ブルボーズレッグとは、球根(ブルボーズ)状の大きな膨らみをもつ西洋家具の挽物(ロクロ細工)製の脚や土台で、テーブルやイス等に用いられます。16世紀頃から18世紀初期頃にかけてヨーロッパ各地で流行しました。

アンティーク家具デザインの金字塔、ブルボーズレッグ

ブルボーズレッグ イギリス

一度見ると忘れられないインパクトをもつブルボーズレッグ。そこには、古代ギリシャやローマのデザインに由来する彫刻による装飾を施す場合が多くみられます。ブルボーズレッグの形状は、上下2段に分かれた巨大な棗(なつめ)形が代表的で、上部ははなびら形の凹凸、下部はアカンサスの葉で装飾されています。それ以外にも、ブドウ、パルメット(スイカズラ)などが施されている場合があります。

時代別のブルボーズレッグのデザイン

ブルボーズレッグは作られた時代によって様々なデザインが生まれています。ここからは時代ごとのデザインをご紹介していきます。

ゴシック様式期(12-15世紀)

ブルボーズレッグ デザイン

ブルボーズレッグは12~15世紀のゴシック様式期に発生したとされています。
当初は表面の彫刻がなく、その後ルネサンス様式の影響を受けて次第に古代デザイン風の彫刻が施されるようになります。

流行したのは16世紀頃のルネサンス様式期

ブルボーズレッグ 彫刻

ルネサンス期に流行をはじめたブルボーズレッグは、ゴシックにルネサンス様式を加えた16世紀後半のイギリス・エリザベス様式で発達しました。
そこで、棚やテーブルにおける権威を象徴するためのデザインとして、重厚感のある球根型のが確立されました。そして、その後も主にイギリス由来のデザインを代表的なものとして、18世紀初頭頃まで盛んに用いられました。

ジャコビアン様式期(1603-89)

ブルボーズレッグ チェア

ジャコビアン様式期のブルボーズレッグの特徴は、全体の形状が細くなっていき、花瓶形に変化した点が挙げられます。
小さくなったブルボーズレッグは、中型家具にも取り入れられ、ダイニングチェア等に見られるようになりました。
そして、エリザベス期から存在したドローリーフテーブルが流行します。
また、当時イギリスの植民地であった北米のコロニアル様式(アーリーアメリカン)や、周辺各国にも影響を与えました。

ブルボーズレッグの歴史

ブルボーズレッグの発生は中世イギリス

ブルボーズレッグの詳細な起源は定かではありません。しかし脚が挽物(ひきもの)で作られ、その一部が大きな造形物になっている青銅や大理石製の椅子また寝台は、古代ローマ(前1-4世紀)にも存在しました。その後、カロリング・ルネサンス様式期(8-10世紀)のイタリアでも、似た装飾と形の台座をもつ石造の法座などがみられます。そして、中世イギリスのゴシック僧院に、ブルボーズレッグの直接の祖とされるものが現れました。

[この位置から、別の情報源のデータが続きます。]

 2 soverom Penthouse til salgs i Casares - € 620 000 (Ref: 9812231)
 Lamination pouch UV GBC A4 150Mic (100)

※エリザベス期のブルボーズは、ネーデルランド(オランダ・ベルギー)の装飾美術家デ・フリースらのデザインに影響されて生まれたとの説もあります。

住宅の進化と共に流行を始めたブルボーズレッグ

イギリス コーディネート

16世紀、古代ギリシャやローマ文化の復興に向かったルネサンス運動が進展すると、ブルボーズレッグはイタリア・フランス・オランダ等でも流行します。しかし、その重厚さを完成させたのはエリザベス女王期(1558-1603)におけるイギリスの家具デザインでした。安定と発展の時期に入ったイギリスでは、個人の住宅が発展し、それぞれの生活様式に応じた家具が製造されるようになります。

●家具デザインの進化は暖炉がきっかけ?

マントルピース イギリス
これまで部屋の中心にあった暖房器具が壁内の暖炉となり、部屋が広くなったことから、家具のデザイン性や機能性の向上に目が向けられ始めたと言われています。応接の役割が増えた部屋には、食卓を始め、様々な家具が置かれることになりました。これによって、家具は装飾的となり、ブルボーズレッグも多岐に渡るデザインへと発達することになりました。

ブルボーズレッグのアンティーク家具

ダイニングテーブル

イギリス ダイニングテーブル

ダイニングテーブルは上流階級のステータス・シンボルとして、広間やロングギャラリー(長広間)に置かれていました。

コート・カップボード

コート・カップボード アンティーク

コート・カップボードは、その太さ・大きさで、圧倒的存在感を誇り、ブルボーズレッグの印象を決定づける家具になります。

その他のブルボーズレッグ家具

ブルボーズレッグ 家具ブルボーズレッグ 種類
多用なデザインが生み出されたブルボーズレッグは、球根部分だけを残し、脚の短い家具にも使われています。ライティング・ビューローやチェア、ガラスケースの他にも、チェストや天蓋付ベット、等にも見られます。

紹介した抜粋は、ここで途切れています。